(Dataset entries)
•••••

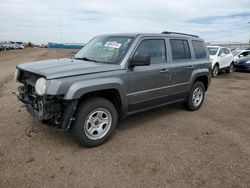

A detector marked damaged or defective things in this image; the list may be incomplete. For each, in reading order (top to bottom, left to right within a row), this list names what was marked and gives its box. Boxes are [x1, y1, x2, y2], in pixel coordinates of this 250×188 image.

damaged vehicle [15, 32, 211, 147]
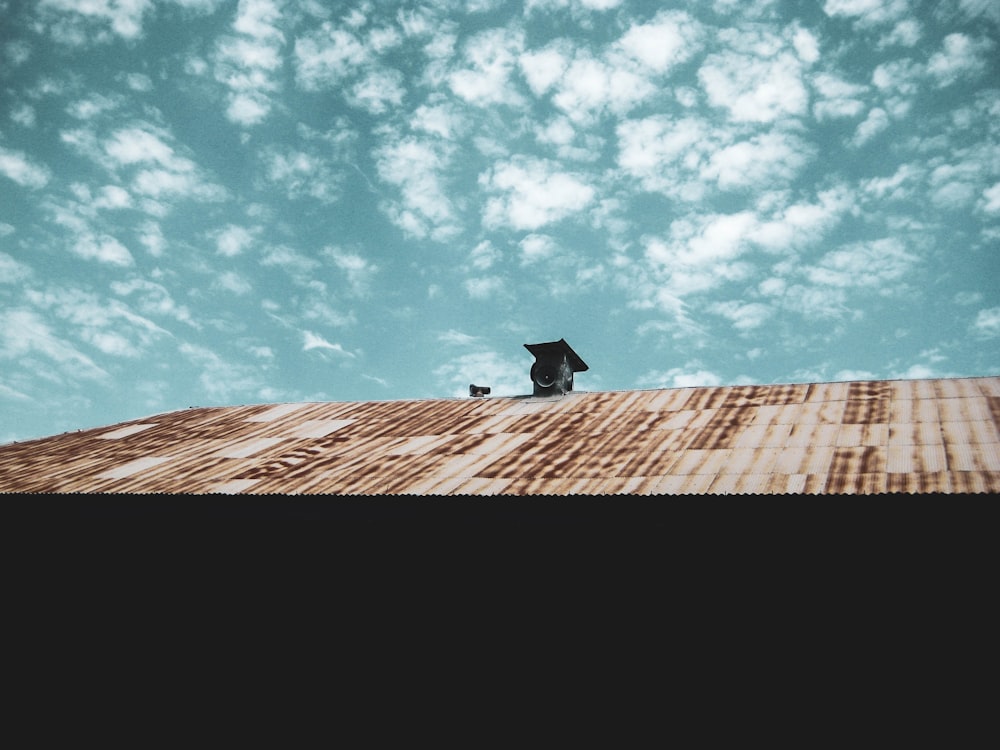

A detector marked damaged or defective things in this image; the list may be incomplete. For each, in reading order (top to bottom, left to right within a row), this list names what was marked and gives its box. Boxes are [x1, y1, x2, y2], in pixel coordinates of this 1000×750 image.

rusty metal roof [0, 376, 996, 500]
rust stain on roof [1, 378, 1000, 496]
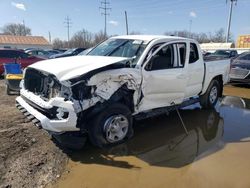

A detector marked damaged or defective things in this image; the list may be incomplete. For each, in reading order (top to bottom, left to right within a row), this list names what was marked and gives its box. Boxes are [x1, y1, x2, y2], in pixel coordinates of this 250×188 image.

crumpled hood [28, 54, 128, 80]
front bumper damage [16, 89, 78, 132]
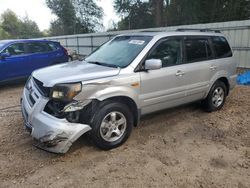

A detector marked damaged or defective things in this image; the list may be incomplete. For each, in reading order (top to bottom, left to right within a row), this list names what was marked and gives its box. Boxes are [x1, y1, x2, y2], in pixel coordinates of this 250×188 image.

dented hood [32, 60, 120, 86]
damaged front end [21, 77, 93, 153]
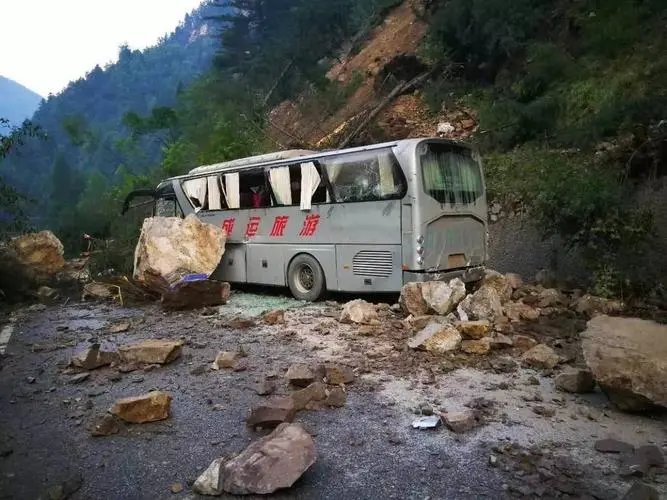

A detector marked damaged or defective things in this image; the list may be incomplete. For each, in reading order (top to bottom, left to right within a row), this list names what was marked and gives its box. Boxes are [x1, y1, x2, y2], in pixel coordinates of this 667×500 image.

damaged tour bus [122, 137, 488, 300]
broken window [324, 148, 408, 203]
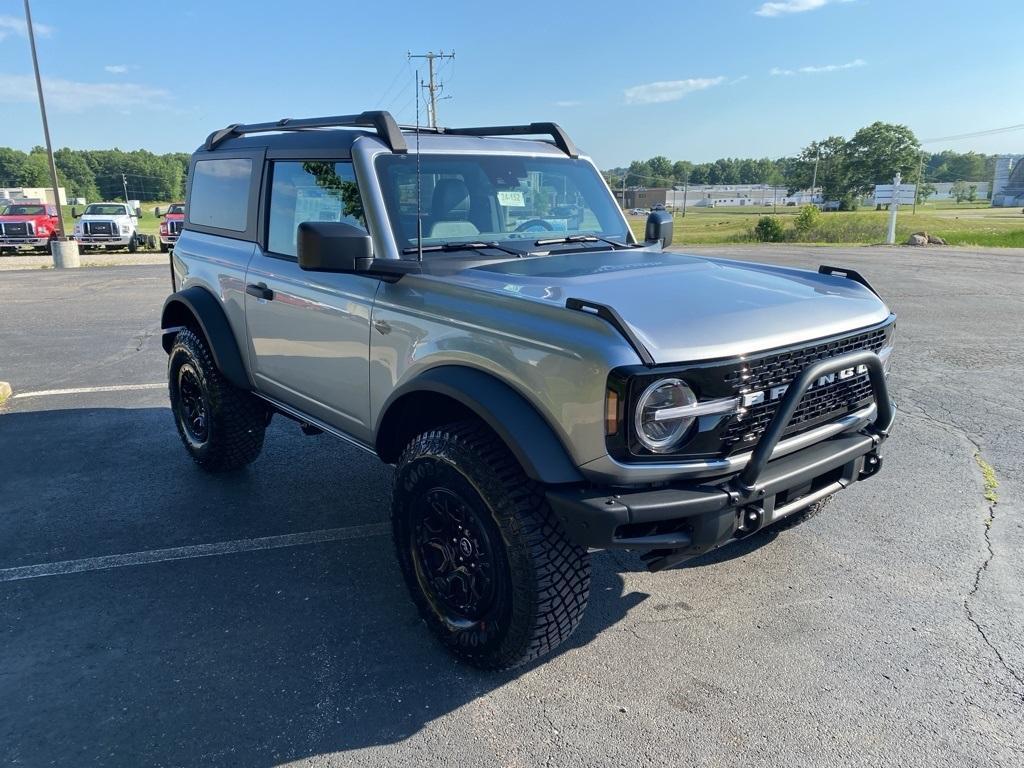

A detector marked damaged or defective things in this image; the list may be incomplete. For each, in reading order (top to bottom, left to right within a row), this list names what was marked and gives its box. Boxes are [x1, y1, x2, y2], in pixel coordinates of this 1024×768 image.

crack in asphalt [897, 397, 1024, 696]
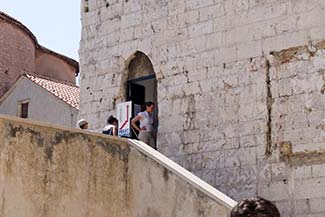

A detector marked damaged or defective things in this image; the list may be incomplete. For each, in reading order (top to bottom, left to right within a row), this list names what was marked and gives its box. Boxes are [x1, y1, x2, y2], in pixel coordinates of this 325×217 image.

•••••

**To do**:
Write out every line above exactly, minus images.

**Completed task**:
A detector marked damaged or defective things in this image; the list may be incomplete. For each, in reading order (top to bottom, left to right within a row), this list names what was marked and gives its box. Boxes are [x1, y1, x2, y2], in pixel coordinates of this 250×188 image.

damaged vehicle [15, 32, 211, 147]

A detector marked damaged or defective things in this image; the list may be incomplete. For each, in reading order (top to bottom, left to right within a row), this list names what was marked and gives its box. Boxes are [x1, y1, x2, y2], in pixel coordinates of this 1000×750 image.

rusty metal roof [0, 376, 996, 500]
rust stain on roof [1, 378, 1000, 496]

A detector marked damaged or defective things in this image; the list may be incomplete. For each, in reading order (top to bottom, left to right within a row), this list names what was marked and gives its box. Boxes are [x1, y1, x2, y2], in pixel coordinates of this 250×188 image.

crumpled hood [28, 54, 128, 80]
front bumper damage [16, 89, 78, 132]

A detector marked damaged or defective things in this image; the list may be incomplete. For each, in reading order (top to bottom, left to right within a row), this list names what was marked and gives its box. Boxes are [x1, y1, x2, y2], in pixel coordinates of this 250×188 image.

dented hood [32, 60, 120, 86]
damaged front end [21, 77, 93, 153]

A detector marked damaged or defective things in this image; the list may be incomplete. For each, in reading order (top to bottom, left to right within a row), this list names what was marked and gives its box. Boxes are [x1, y1, x2, y2], in pixel coordinates of this 667×500 image.

damaged tour bus [122, 137, 488, 300]
broken window [324, 148, 408, 203]

A detector marked damaged or defective things in this image; the list may be incomplete. For each, in reading order (top to bottom, left to right within a row), this list names what was marked and gives its box. Boxes are [x1, y1, x2, y2], in pixel coordinates of this 1024×768 image.

crack in asphalt [897, 397, 1024, 696]

A detector marked damaged or defective things in this image; the list may be incomplete. For each, in reading order (top to bottom, left to right within a row), this list names what was marked and gives its box. Boxes are [x1, y1, x2, y2], in pixel coordinates of this 325×217 image.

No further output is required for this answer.